__What you will do__: Retype only the lines running from the beginning of the entries below to the line with "Laparoscopic opening of", both included. Do not include pictures.

▬▬▬

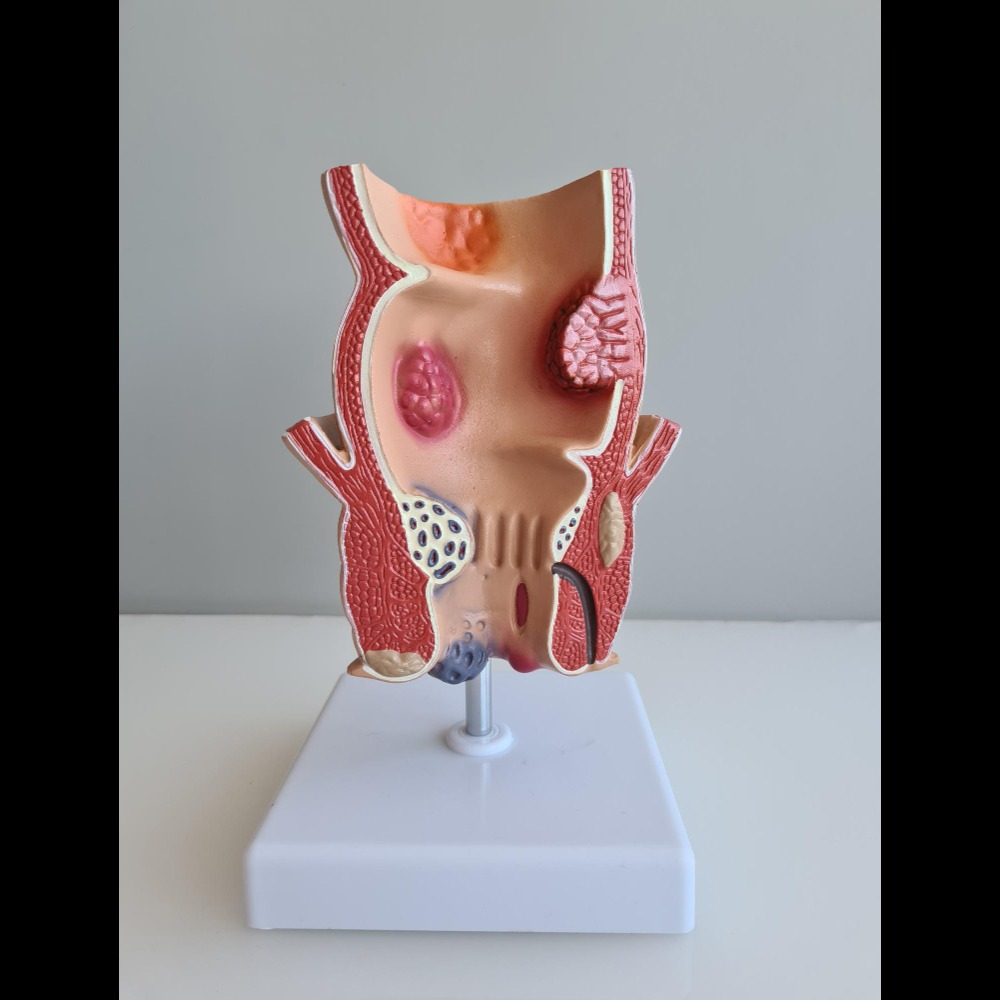 Fissure in Ano Treatment in Chennai – Comfortable Healing at S A Hospital main image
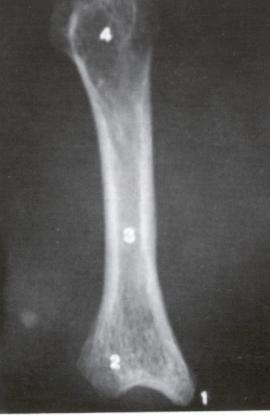 Hueso Metacarpiano Vista dorsal B. Imagen radiográfica C. Esquema 2 1 Fig 15,A-B-C. Hueso Metacarpiano.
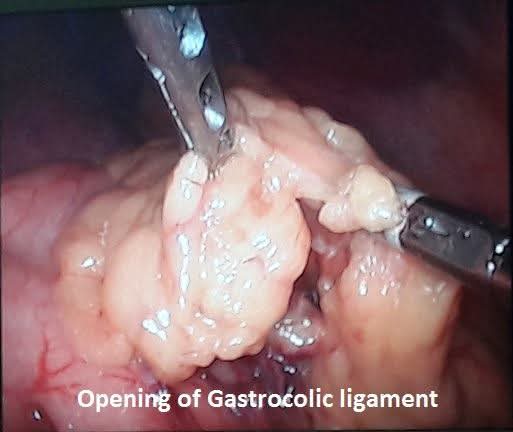 Laparoscopic opening of the gastrocolic ligament to access the pancreas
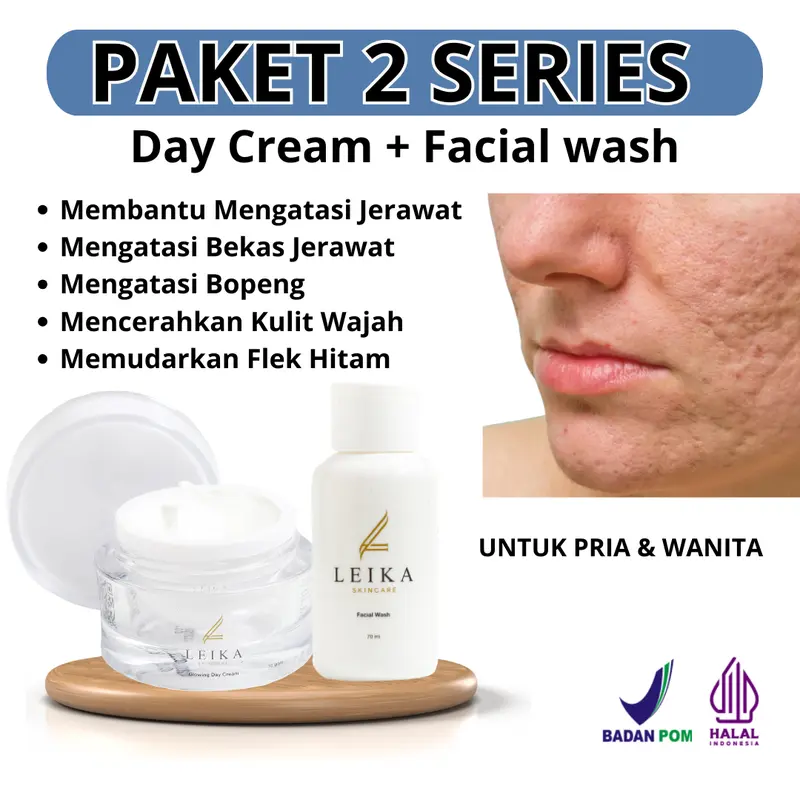 Paket 2in1 Leika skincare series penghilang jerawat dan bekasnya penghilang jerawat paling ampuh penghilang bekas jerawat bopeng Obat jerawat bruntusan skincare jerawat paket acne Perawatan Wajah Berjerawat 0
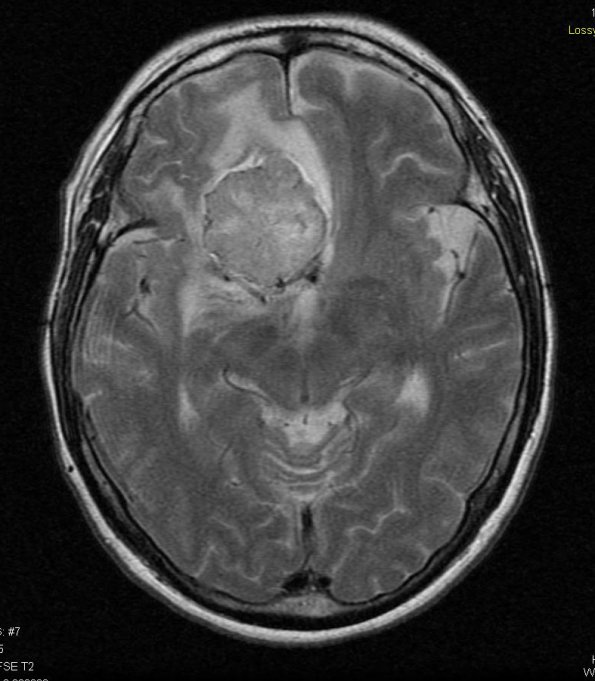 6A2 Meningioma, secretory (Case 6) T2 W 3 - Copy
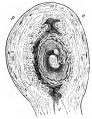 Fig. 4. Semi-diagrammatic outline of an antero-posterior section of the gravid uterus and ovum of five weeks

▬▬▬

__Task answer__:
 Fissure in Ano Treatment in Chennai – Comfortable Healing at S A Hospital main image
 Hueso Metacarpiano Vista dorsal B. Imagen radiográfica C. Esquema 2 1 Fig 15,A-B-C. Hueso Metacarpiano.
 Laparoscopic opening of the gastrocolic ligament to access the pancreas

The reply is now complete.